Many companies continuosly get stuck trying to fulfill PO’s based on the large size or cost of the order. Companies usually don’t have the capital to fulfill these large customer orders that are on 30 to 180 day terms. This is why it is important to receive Purchase Order Financing to gain larger nationwide sales and product growth finance for new orders.
Right now, in the supply chain market, a merchant places a purchase order to the vendor. The vendor then produces the goods, and ships to the merchant often on net terms, not cash! Then the vendor has to wait for the merchant to pay for the goods after 30 to 180 days. If the merchant has a second order, and a third order, and so on, this can add up quickly! And, If the vendor has multiple merchants, all placing these types of purchase orders. This is a recipe for disaster. How can a vendor continue to sustain this supply chain, without going out of business? The real answer is, they can’t, because the vendor has no more money available to run their business, and has now completely run out of cash.
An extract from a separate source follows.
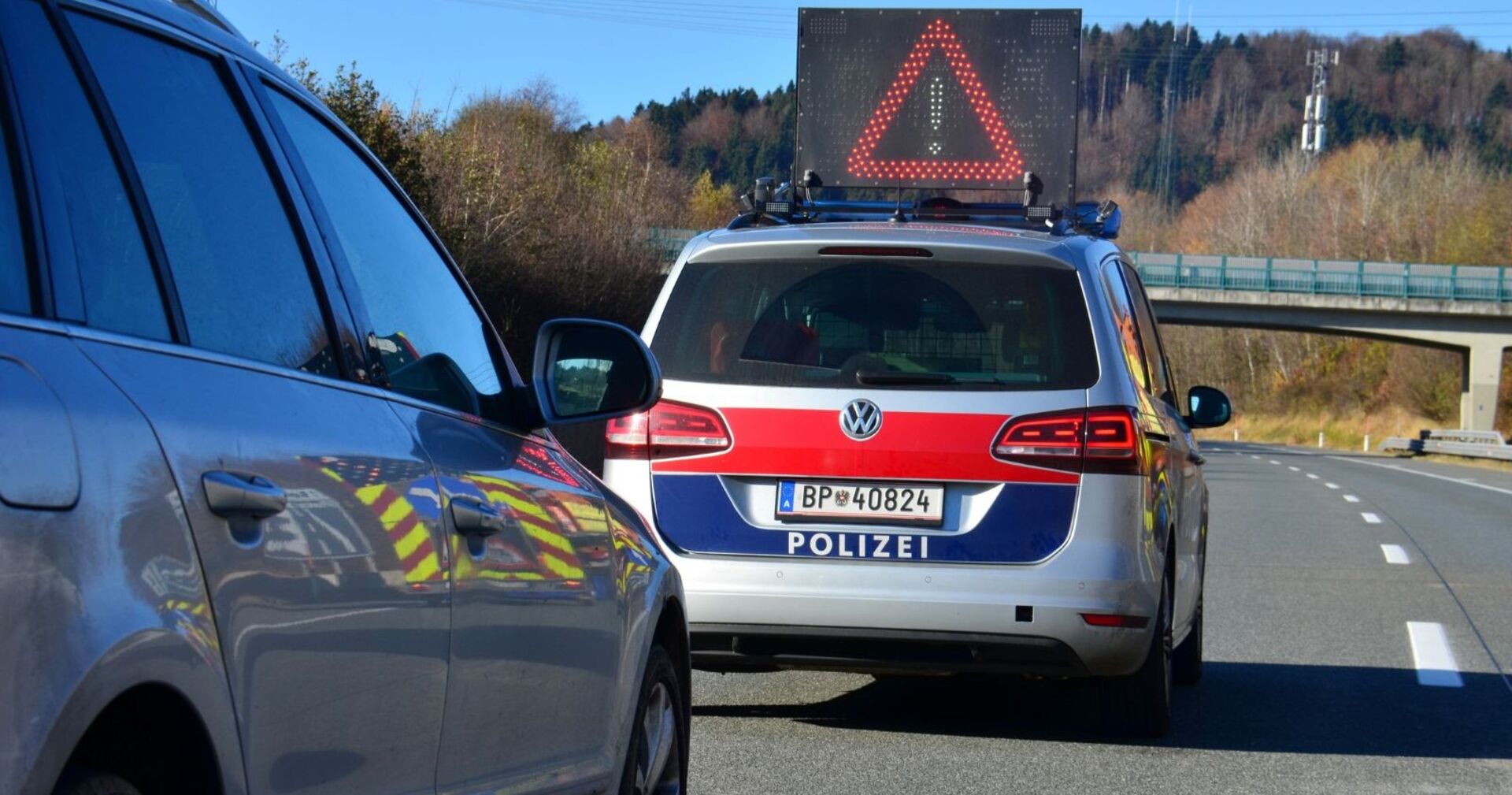 Polizeifahrzeug mit Warnanzeige und ein weiteres Auto stehen auf einer abgesperrten Landstraße in Österreich, im Hintergrund eine Brücke und Bäume.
Most financial firms will want to make sure a company has a good credit score, provide proof of income, low debt-to-income ratio, and possibly a cosigner. Lenders will typically check your credit score to see how creditworthy you are. A higher credit score can make it easier to get approved for most financing. Lenders usually prefer to see a low debt-to-income ratio because it means you have more disposable income to put towards repaying your loan. However, companies should know that there are other options for vendor financing.
With some companies, credit is not a huge issue, some companies just need these financial documents from a vendor:
a) Current Purchase Orders
b) Following Financial Documents
- 2021 financial statements
- 2021 monthly Sales & COGs by SKUs
- 2022 YTD draft Financials (QB export works too)
- 2022 YTD Monthly Sales & COGs
- 2022 YTD Cash Flow Statement
- 4 most recent bank statements
What are the Example Terms of Vendor Financing?
Ideal PO Financing companies charges a Supply Cost Value as management fee and the price of the product quoted is usually DDP USA by Ocean or Air. (DDP = Delivered, Duty Paid.) A company might also charge a per month on the PO value of goods from date of PO to date of full repayment. PO Finance companies will need details of current indebtedness, current lenders, UCC liens and current out-standings. PO Companies will need to file a UCC-1 and work out intercreditor / subordination carve-outs on the inventory we finance.